=== Data shown ===

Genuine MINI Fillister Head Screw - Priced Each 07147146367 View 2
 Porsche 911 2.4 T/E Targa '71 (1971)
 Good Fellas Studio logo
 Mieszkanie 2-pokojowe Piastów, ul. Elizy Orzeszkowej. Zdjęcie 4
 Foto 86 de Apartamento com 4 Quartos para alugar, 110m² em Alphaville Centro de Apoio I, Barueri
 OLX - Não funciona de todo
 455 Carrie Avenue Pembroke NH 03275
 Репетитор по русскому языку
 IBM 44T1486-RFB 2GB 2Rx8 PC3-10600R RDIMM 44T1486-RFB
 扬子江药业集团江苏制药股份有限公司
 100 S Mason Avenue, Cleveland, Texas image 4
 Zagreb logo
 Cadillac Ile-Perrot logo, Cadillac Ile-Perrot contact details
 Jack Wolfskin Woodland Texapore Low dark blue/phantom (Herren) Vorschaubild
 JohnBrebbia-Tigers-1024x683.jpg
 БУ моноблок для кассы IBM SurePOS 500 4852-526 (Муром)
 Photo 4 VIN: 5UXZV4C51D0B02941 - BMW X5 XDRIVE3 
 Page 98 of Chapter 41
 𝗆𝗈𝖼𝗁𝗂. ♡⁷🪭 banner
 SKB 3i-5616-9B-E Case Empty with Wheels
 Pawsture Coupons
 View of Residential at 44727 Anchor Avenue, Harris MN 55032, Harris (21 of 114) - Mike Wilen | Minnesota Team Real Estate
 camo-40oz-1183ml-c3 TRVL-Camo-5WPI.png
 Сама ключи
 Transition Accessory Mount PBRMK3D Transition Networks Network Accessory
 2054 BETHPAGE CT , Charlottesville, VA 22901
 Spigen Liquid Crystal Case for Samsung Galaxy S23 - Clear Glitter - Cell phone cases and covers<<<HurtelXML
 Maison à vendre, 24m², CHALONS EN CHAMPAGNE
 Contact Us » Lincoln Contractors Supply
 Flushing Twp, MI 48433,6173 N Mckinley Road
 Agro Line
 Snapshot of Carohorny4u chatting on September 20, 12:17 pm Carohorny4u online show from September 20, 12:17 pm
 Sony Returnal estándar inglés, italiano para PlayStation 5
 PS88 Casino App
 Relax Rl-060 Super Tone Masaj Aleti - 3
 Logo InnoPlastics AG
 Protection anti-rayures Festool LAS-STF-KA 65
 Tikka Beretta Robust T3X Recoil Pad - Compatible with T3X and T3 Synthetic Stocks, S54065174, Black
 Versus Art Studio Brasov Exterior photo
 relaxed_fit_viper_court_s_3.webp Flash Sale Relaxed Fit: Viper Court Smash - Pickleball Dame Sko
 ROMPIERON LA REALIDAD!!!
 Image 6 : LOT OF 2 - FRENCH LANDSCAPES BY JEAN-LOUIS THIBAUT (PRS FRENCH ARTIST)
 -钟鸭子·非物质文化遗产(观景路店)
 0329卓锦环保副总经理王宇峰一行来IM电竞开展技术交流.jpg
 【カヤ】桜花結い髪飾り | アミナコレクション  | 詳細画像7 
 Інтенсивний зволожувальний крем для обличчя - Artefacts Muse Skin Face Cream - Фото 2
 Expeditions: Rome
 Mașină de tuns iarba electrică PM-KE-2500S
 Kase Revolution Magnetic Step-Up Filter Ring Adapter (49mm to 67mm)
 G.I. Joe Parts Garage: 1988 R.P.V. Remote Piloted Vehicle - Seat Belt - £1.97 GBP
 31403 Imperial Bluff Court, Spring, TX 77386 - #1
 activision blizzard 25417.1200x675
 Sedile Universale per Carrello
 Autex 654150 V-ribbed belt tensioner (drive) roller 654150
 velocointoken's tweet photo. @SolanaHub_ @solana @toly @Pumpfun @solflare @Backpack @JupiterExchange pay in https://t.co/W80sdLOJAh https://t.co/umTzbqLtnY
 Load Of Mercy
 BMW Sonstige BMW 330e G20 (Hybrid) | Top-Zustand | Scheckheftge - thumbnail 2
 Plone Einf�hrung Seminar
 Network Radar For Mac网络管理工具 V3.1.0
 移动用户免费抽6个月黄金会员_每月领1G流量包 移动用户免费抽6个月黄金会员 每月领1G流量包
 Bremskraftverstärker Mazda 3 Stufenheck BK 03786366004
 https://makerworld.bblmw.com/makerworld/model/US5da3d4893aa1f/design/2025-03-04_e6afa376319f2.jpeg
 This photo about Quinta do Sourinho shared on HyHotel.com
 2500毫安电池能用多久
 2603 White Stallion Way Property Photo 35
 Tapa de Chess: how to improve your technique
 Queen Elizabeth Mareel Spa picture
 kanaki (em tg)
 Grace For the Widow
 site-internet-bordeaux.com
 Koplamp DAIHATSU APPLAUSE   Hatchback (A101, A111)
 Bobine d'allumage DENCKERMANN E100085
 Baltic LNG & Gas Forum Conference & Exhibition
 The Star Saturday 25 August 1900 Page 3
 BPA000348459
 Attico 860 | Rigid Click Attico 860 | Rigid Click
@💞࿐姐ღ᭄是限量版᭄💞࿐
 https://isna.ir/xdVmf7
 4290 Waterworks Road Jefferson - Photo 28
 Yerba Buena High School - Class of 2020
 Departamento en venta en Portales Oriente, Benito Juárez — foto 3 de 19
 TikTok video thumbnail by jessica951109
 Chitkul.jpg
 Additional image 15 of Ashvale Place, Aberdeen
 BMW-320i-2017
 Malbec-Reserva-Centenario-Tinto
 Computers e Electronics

===

Task statement >> Each line above should be reproduced exactly, with nothing omitted.

Solution for this problem >>
Genuine MINI Fillister Head Screw - Priced Each 07147146367 View 2
 Porsche 911 2.4 T/E Targa '71 (1971)
 Good Fellas Studio logo
 Mieszkanie 2-pokojowe Piastów, ul. Elizy Orzeszkowej. Zdjęcie 4
 Foto 86 de Apartamento com 4 Quartos para alugar, 110m² em Alphaville Centro de Apoio I, Barueri
 OLX - Não funciona de todo
 455 Carrie Avenue Pembroke NH 03275
 Репетитор по русскому языку
 IBM 44T1486-RFB 2GB 2Rx8 PC3-10600R RDIMM 44T1486-RFB
 扬子江药业集团江苏制药股份有限公司
 100 S Mason Avenue, Cleveland, Texas image 4
 Zagreb logo
 Cadillac Ile-Perrot logo, Cadillac Ile-Perrot contact details
 Jack Wolfskin Woodland Texapore Low dark blue/phantom (Herren) Vorschaubild
 JohnBrebbia-Tigers-1024x683.jpg
 БУ моноблок для кассы IBM SurePOS 500 4852-526 (Муром)
 Photo 4 VIN: 5UXZV4C51D0B02941 - BMW X5 XDRIVE3 
 Page 98 of Chapter 41
 𝗆𝗈𝖼𝗁𝗂. ♡⁷🪭 banner
 SKB 3i-5616-9B-E Case Empty with Wheels
 Pawsture Coupons
 View of Residential at 44727 Anchor Avenue, Harris MN 55032, Harris (21 of 114) - Mike Wilen | Minnesota Team Real Estate
 camo-40oz-1183ml-c3 TRVL-Camo-5WPI.png
 Сама ключи
 Transition Accessory Mount PBRMK3D Transition Networks Network Accessory
 2054 BETHPAGE CT , Charlottesville, VA 22901
 Spigen Liquid Crystal Case for Samsung Galaxy S23 - Clear Glitter - Cell phone cases and covers<<<HurtelXML
 Maison à vendre, 24m², CHALONS EN CHAMPAGNE
 Contact Us » Lincoln Contractors Supply
 Flushing Twp, MI 48433,6173 N Mckinley Road
 Agro Line
 Snapshot of Carohorny4u chatting on September 20, 12:17 pm Carohorny4u online show from September 20, 12:17 pm
 Sony Returnal estándar inglés, italiano para PlayStation 5
 PS88 Casino App
 Relax Rl-060 Super Tone Masaj Aleti - 3
 Logo InnoPlastics AG
 Protection anti-rayures Festool LAS-STF-KA 65
 Tikka Beretta Robust T3X Recoil Pad - Compatible with T3X and T3 Synthetic Stocks, S54065174, Black
 Versus Art Studio Brasov Exterior photo
 relaxed_fit_viper_court_s_3.webp Flash Sale Relaxed Fit: Viper Court Smash - Pickleball Dame Sko
 ROMPIERON LA REALIDAD!!!
 Image 6 : LOT OF 2 - FRENCH LANDSCAPES BY JEAN-LOUIS THIBAUT (PRS FRENCH ARTIST)
 -钟鸭子·非物质文化遗产(观景路店)
 0329卓锦环保副总经理王宇峰一行来IM电竞开展技术交流.jpg
 【カヤ】桜花結い髪飾り | アミナコレクション  | 詳細画像7 
 Інтенсивний зволожувальний крем для обличчя - Artefacts Muse Skin Face Cream - Фото 2
 Expeditions: Rome
 Mașină de tuns iarba electrică PM-KE-2500S
 Kase Revolution Magnetic Step-Up Filter Ring Adapter (49mm to 67mm)
 G.I. Joe Parts Garage: 1988 R.P.V. Remote Piloted Vehicle - Seat Belt - £1.97 GBP
 31403 Imperial Bluff Court, Spring, TX 77386 - #1
 activision blizzard 25417.1200x675
 Sedile Universale per Carrello
 Autex 654150 V-ribbed belt tensioner (drive) roller 654150
 velocointoken's tweet photo. @SolanaHub_ @solana @toly @Pumpfun @solflare @Backpack @JupiterExchange pay in https://t.co/W80sdLOJAh https://t.co/umTzbqLtnY
 Load Of Mercy
 BMW Sonstige BMW 330e G20 (Hybrid) | Top-Zustand | Scheckheftge - thumbnail 2
 Plone Einf�hrung Seminar
 Network Radar For Mac网络管理工具 V3.1.0
 移动用户免费抽6个月黄金会员_每月领1G流量包 移动用户免费抽6个月黄金会员 每月领1G流量包
 Bremskraftverstärker Mazda 3 Stufenheck BK 03786366004
 https://makerworld.bblmw.com/makerworld/model/US5da3d4893aa1f/design/2025-03-04_e6afa376319f2.jpeg
 This photo about Quinta do Sourinho shared on HyHotel.com
 2500毫安电池能用多久
 2603 White Stallion Way Property Photo 35
 Tapa de Chess: how to improve your technique
 Queen Elizabeth Mareel Spa picture
 kanaki (em tg)
 Grace For the Widow
 site-internet-bordeaux.com
 Koplamp DAIHATSU APPLAUSE   Hatchback (A101, A111)
 Bobine d'allumage DENCKERMANN E100085
 Baltic LNG & Gas Forum Conference & Exhibition
 The Star Saturday 25 August 1900 Page 3
 BPA000348459
 Attico 860 | Rigid Click Attico 860 | Rigid Click
@💞࿐姐ღ᭄是限量版᭄💞࿐
 https://isna.ir/xdVmf7
 4290 Waterworks Road Jefferson - Photo 28
 Yerba Buena High School - Class of 2020
 Departamento en venta en Portales Oriente, Benito Juárez — foto 3 de 19
 TikTok video thumbnail by jessica951109
 Chitkul.jpg
 Additional image 15 of Ashvale Place, Aberdeen
 BMW-320i-2017
 Malbec-Reserva-Centenario-Tinto
 Computers e Electronics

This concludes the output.